TASK TO COMPLETE:
Leave out the pictures and output exactly the lines below from the one with "Image of Herman" down to the one with "Perceel LMN00-A-2748", both of them included.

PROVIDED DATA:
====
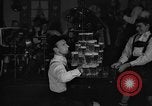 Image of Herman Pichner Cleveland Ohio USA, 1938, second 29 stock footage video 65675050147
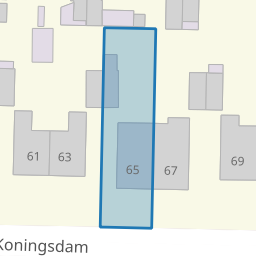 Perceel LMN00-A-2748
====
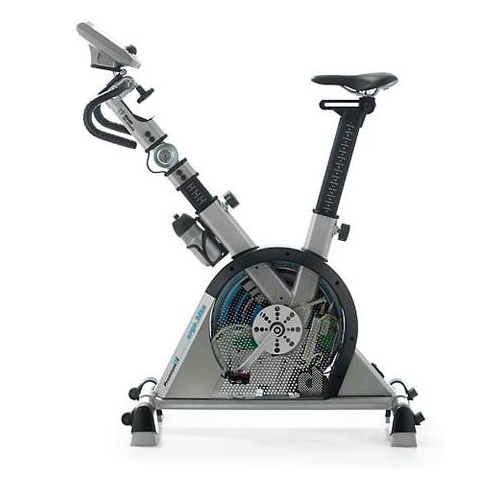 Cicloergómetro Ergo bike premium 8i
====
OUTPUT:
 Image of Herman Pichner Cleveland Ohio USA, 1938, second 29 stock footage video 65675050147
 Perceel LMN00-A-2748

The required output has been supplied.